WORK TO COMPLETE:
Would you return the records below character for character, without any images?
........
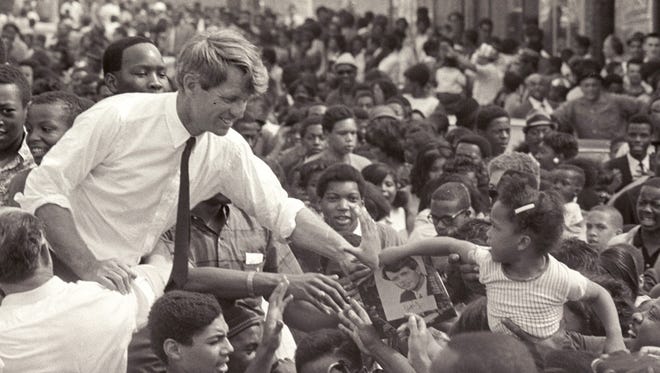 Sen. Robert Kennedy clasps the hand of an unidentified girl near the intersection of 12th Street and Clairmount on his May 15, 1968 visit to Detroit, the last time he visited Michigan before his assassination that June.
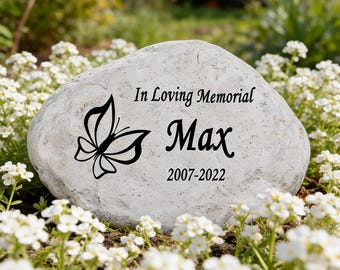 Può includere: Una pietra commemorativa grigio chiaro con una grafica a farfalla nera e il testo inciso In Loving Memorial, Max, e gli anni 2007-2022. La pietra ha una superficie naturale testurizzata ed è posizionata tra piccoli fiori bianchi.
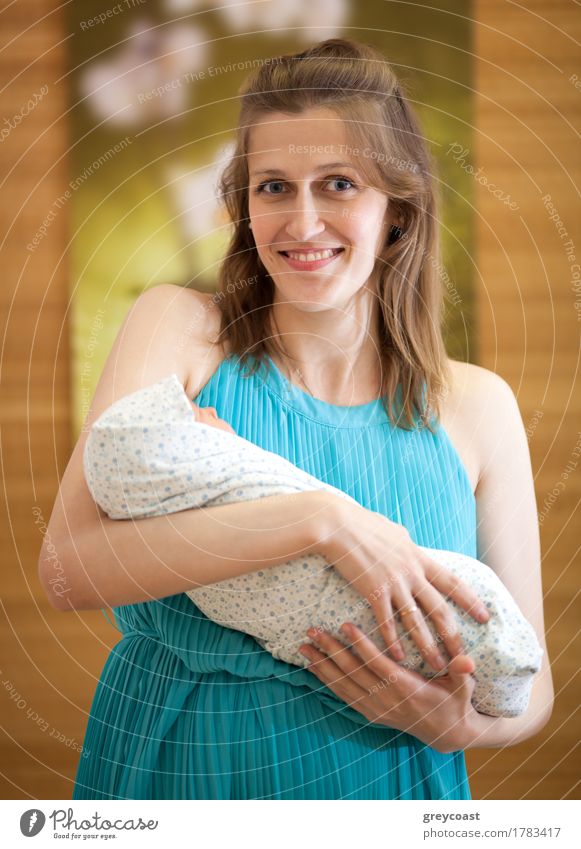 Happy new mother is holding newborn baby in arms. Life Child Baby Woman Adults Mother Family & Relations Arm 2 Human being Smiling Love Small New White Newborn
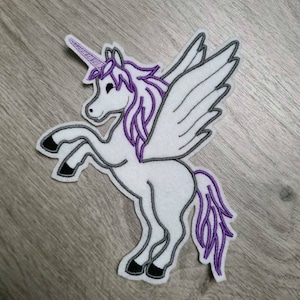 Peut inclure: Patch en feutre blanc représentant une licorne avec une crinière et une queue violettes, et des ailes noires. La licorne a une corne violette et des yeux noirs.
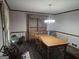 Dining room featuring a light fixture, dining table and chairs, a wooden hutch and wood floors at 430 Sweetgum Dr, Woodstock, GA 30188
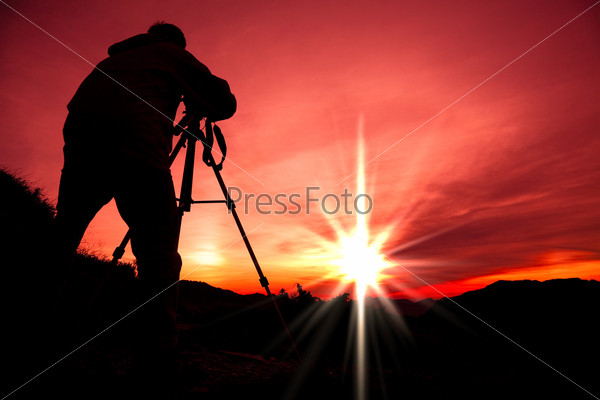 Silhouette of photographer on the top of mountain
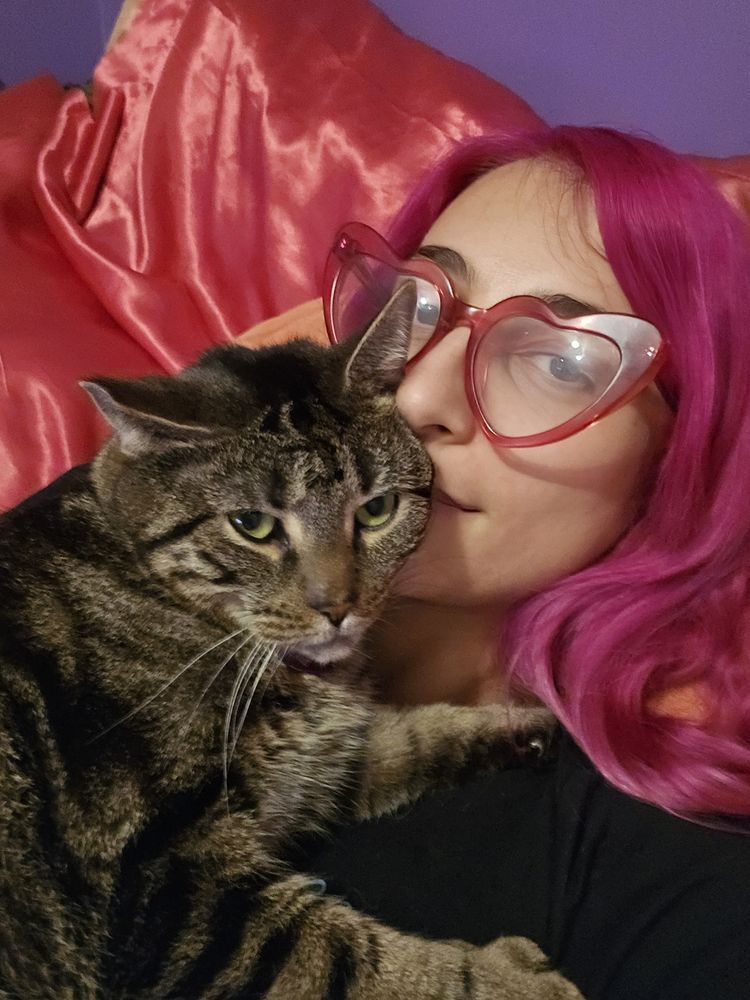 A person with long pink hair is laying in a pink bed with a tabby cat on their chest. Both are looking into the camera.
........
RESPONSE AREA:
 Sen. Robert Kennedy clasps the hand of an unidentified girl near the intersection of 12th Street and Clairmount on his May 15, 1968 visit to Detroit, the last time he visited Michigan before his assassination that June.
 Può includere: Una pietra commemorativa grigio chiaro con una grafica a farfalla nera e il testo inciso In Loving Memorial, Max, e gli anni 2007-2022. La pietra ha una superficie naturale testurizzata ed è posizionata tra piccoli fiori bianchi.
 Happy new mother is holding newborn baby in arms. Life Child Baby Woman Adults Mother Family & Relations Arm 2 Human being Smiling Love Small New White Newborn
 Peut inclure: Patch en feutre blanc représentant une licorne avec une crinière et une queue violettes, et des ailes noires. La licorne a une corne violette et des yeux noirs.
 Dining room featuring a light fixture, dining table and chairs, a wooden hutch and wood floors at 430 Sweetgum Dr, Woodstock, GA 30188
 Silhouette of photographer on the top of mountain
 A person with long pink hair is laying in a pink bed with a tabby cat on their chest. Both are looking into the camera.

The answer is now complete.